The Shadows of God - J. Gregory Keyes [35]
Oglethorpe could see only one officer.
“Surrender, sir,” Oglethorpe called. “Surrender, and no more of you shall die. Resist, and every man of you will be cut down.”
The officer, a Russian, stared hopelessly for another moment or two, then motioned for his men to lower their weapons. Instantly, Oglethorpe's regulars moved in to confis cate them.
Oglethorpe confronted the officer.
“Do you speak English, sir?”
“Some.”
“You have ships down there. I want them up and open.”
“I have no more ships.”
“I just saw them. Man, how do you think we knew to be right here, at the very moment when you came to surface? Mar told us all. Not only that, he ordered his troops here to move elsewhere, so you would have no cover. Downstream, my men have already stretched chains, but they won't be needed. At this range, we can use the same device we've used against your airships to render your amphibians powerless. I'd rather have them working, naturally, but I have one already, and that will do.”
The man hesitated a long moment. “I shall have to use the aquaphore in my ship. By the time the wretched smoke you filled it with clears enough, the others will either surface to fight or try to run. There is nothing I can do until the smoke clears.”
“That is if they surface.”
In the end, they ran. A detachment followed them down the river a safe distance from the captured ship, then used the devil gun. An hour later, two ships surfaced and floated until they fetched against the chains. The stuff of their hulls was too hard to break through with the weapons Oglethorpe's men had, but they unmounted one of the blue-fire guns, took it downstream, and tried that. It cut the ships open quite nicely, and they sank. As they took on water, the hatches came open then, damn fast, and after the first three men on each had fallen dead from musket shot, the rest came out with hands raised high.
They marched the prisoners back to Oglethorpe's mansion and added them to those chained in the servants’ quarters. Meanwhile, Oglethorpe set the more scientifically minded of his men to finding out who the pilots of the ships were.
“I want us to be able to use that ship by morning,” he said. “And I'll need volunteers to learn its operation.”
“Sir, I'd like to do that!” MacKay said.
“You've experience in this line?”
“I ran a steam galliot against the Spanish, Margrave.”
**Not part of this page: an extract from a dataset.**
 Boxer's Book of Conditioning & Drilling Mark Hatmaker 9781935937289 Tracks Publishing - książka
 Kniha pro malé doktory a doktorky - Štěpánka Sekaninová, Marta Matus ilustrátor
“Good. You'll be our chief pilot, then.”
“Thank you, Margrave.”
Oglethorpe nodded briskly. “Meanwhile, I want an order to go down for half of those redcoats laying siege to Nairne and his people to march south, away from here. Have Mar sign it, as he did the last.”
“Sir, this can't last forever,” Parmenter said. “Sooner or later they will realize they've been tricked.”
“Indeed, and I will not count on this succeeding. But it is certainly worth trying.”
“And now what, General?”
“We move by morning, using the amphibian boat. We'll attack from the river side, coming out of their own ship. They'll never know what hit ‘em. The real trick is to get Nairne to start something at the same moment, so we can have the confusion as great as possible.”
“I can do that, sir,” Parmenter replied.
“How?”
“I know that fort, sir. I can get near enough to put a message over the wall.”
“Without getting caught? Because if you're caught, they'll be onto us.”
“I can do it, sir. I swear it.”
Oglethorpe regarded the ranger for a moment, thinking that he had never known a man with a more level head.
“Very well, Captain. How many men will you need?”
“Two will do, sir. If they'll do it, I prefer Unoka and Jehpath.”
“Both Maroons?”
“Best for this sort of work.”
“And damned hard to see at night, eh?”
“Yes, sir.”
“Go to it then.”
Two months ago, Oglethorpe mused as he watched Parmenter go, no white man or Indian I knew trusted those Africans as far as they could spit. Now we can hardly do without them, no more than we could do without the Indians.